A Catania, ad esempio, si sono registrate -359,7 mm di precipitazioni rispetto al decennio precedente. Anche se in questo caso è Napoli a registrare il calo più accentuato, con -423,5 mm di pioggia in meno.
Del resto, non si può dire meglio per le altre ventidue città oggetto di osservazione dell’istituto. Si è infatti registrata una diminuzione in media di -132 mm sul corrispondente valore medio del decennio 2006-2015 nei vari capoluoghi.
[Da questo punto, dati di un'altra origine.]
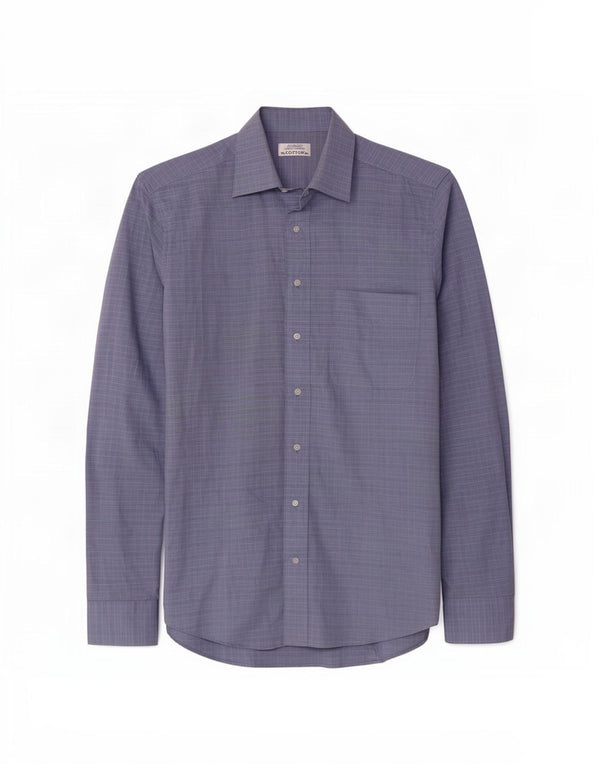 Ανδρικό πουκάμισο St. Bernard Μέγεθος 39 15 1/2 Medium Blue Check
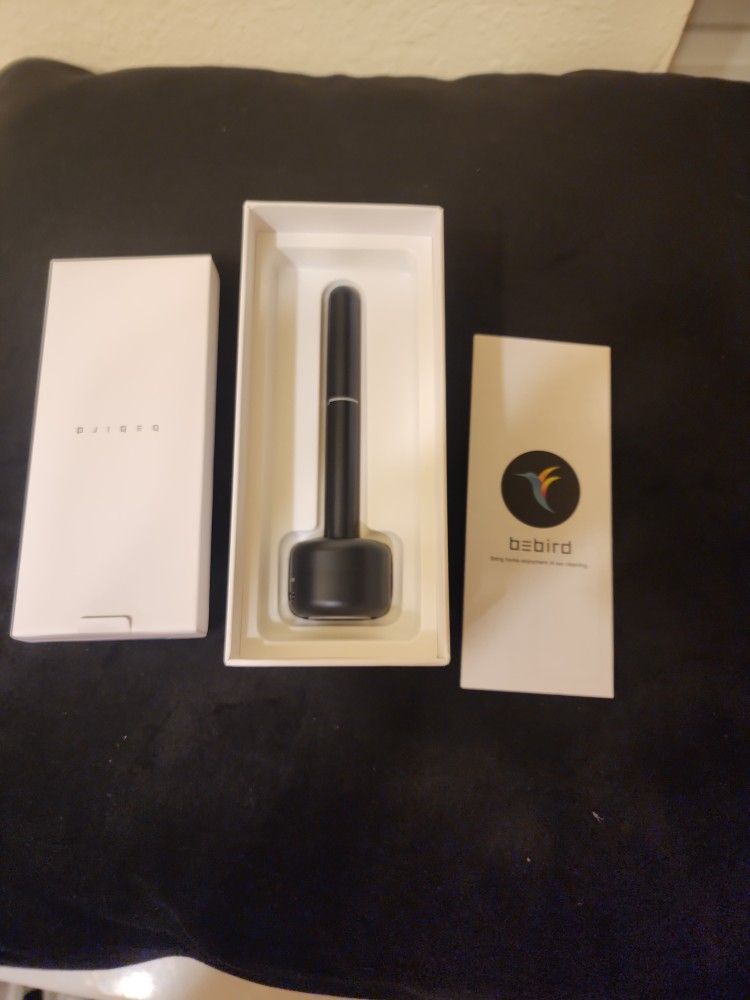 Microwave camera Wi-Fi ear cleaning q tip.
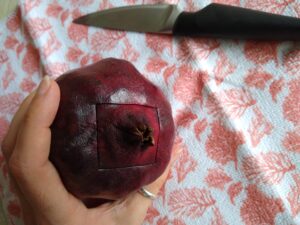 1.Recortar a coroa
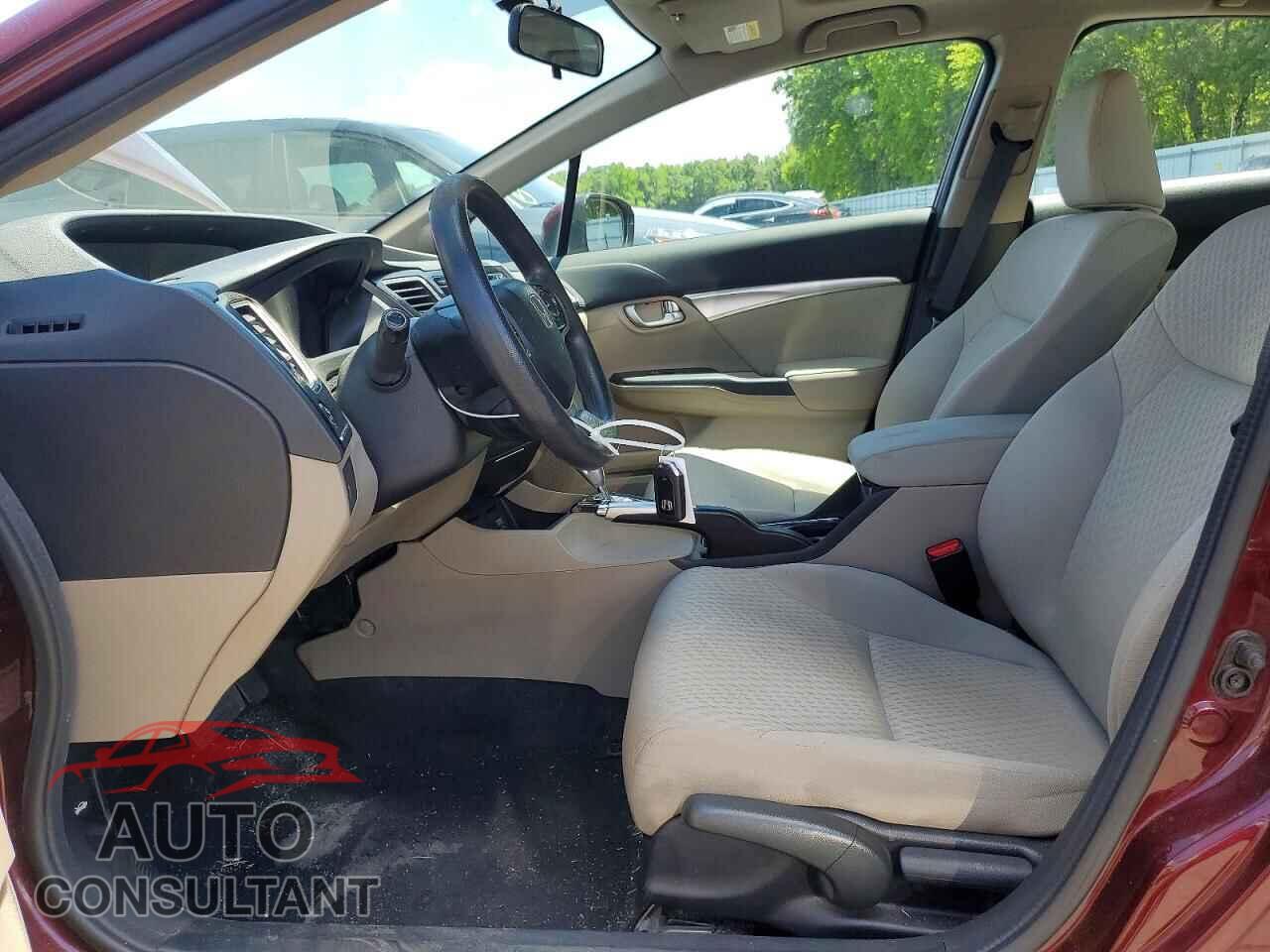 HONDA CIVIC 2014 - 19XFB2F84EE218129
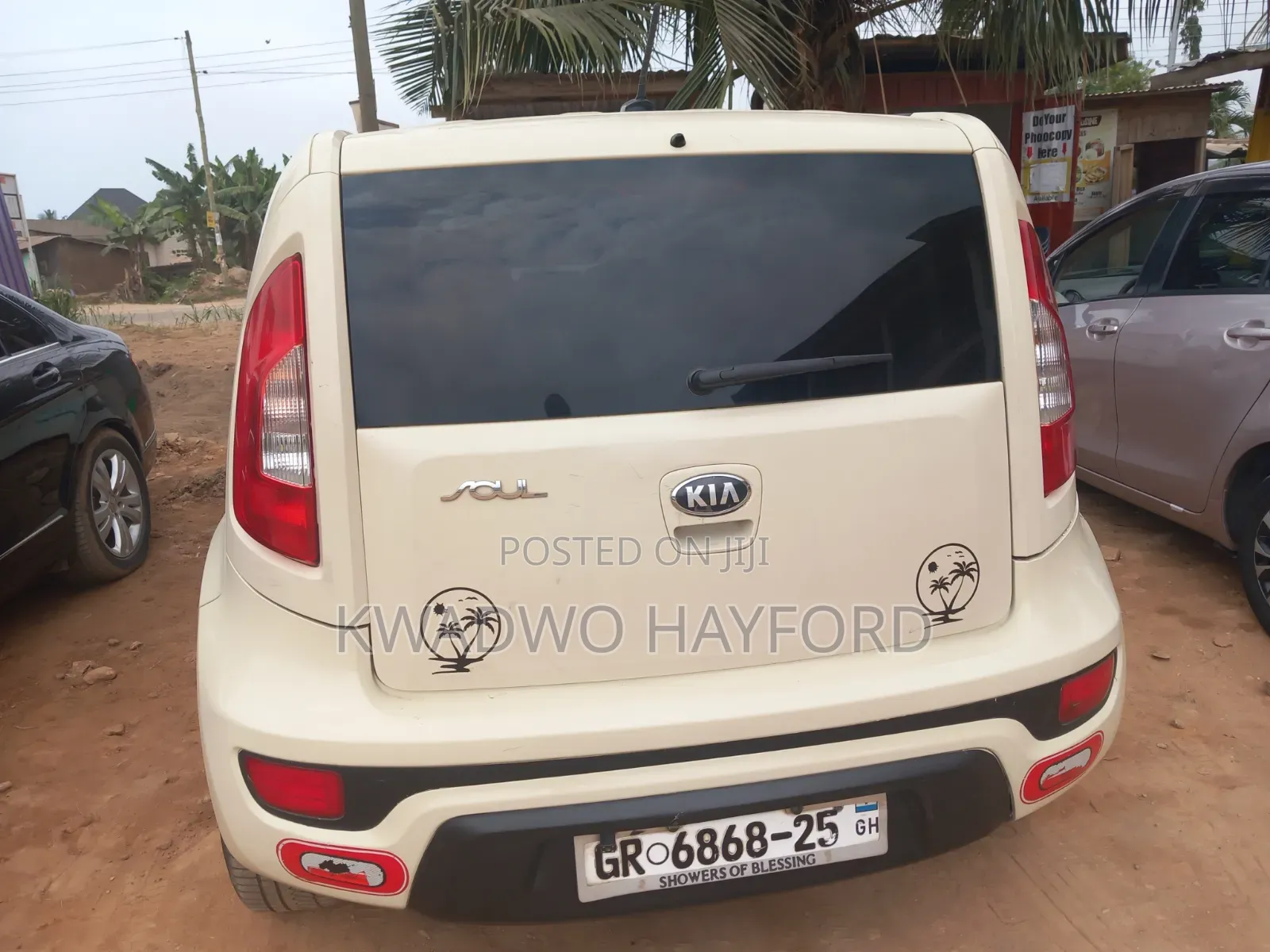 Kia Soul 2016 White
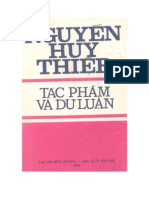 Nguyen Huy Thiep - Tac pham va du luan (1989), NXB Tre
Questa diminuzione delle precipitazioni, unita all’innalzamento delle temperature, può innescare differenti fattispecie – tutte negative. Si pensi alle condizioni di siccità che attanagliano il Mezzogiorno e alla gola secca dei campi da coltivare che riduce la produttività di vari settori, in primis il comparto agricolo. Questo dovrebbe rintracciare nuove fonti d’acqua artificiosamente, aumentando i costi di produzione e, successivamente, i costi di vendita dei propri prodotti – a svantaggio dei consumatori finali.
Un ciclo che dunque ha nella sua meccanica una sistema di eventi indissolubilmente intrecciato alla natura. Con l’auspicio che la valvola sia aggiustabile con la giustizia ambientale dichiarata nella conferenza di Glasgow. E che il mondo ritorni al suo equilibrio naturale, come quando fuori piove il giusto.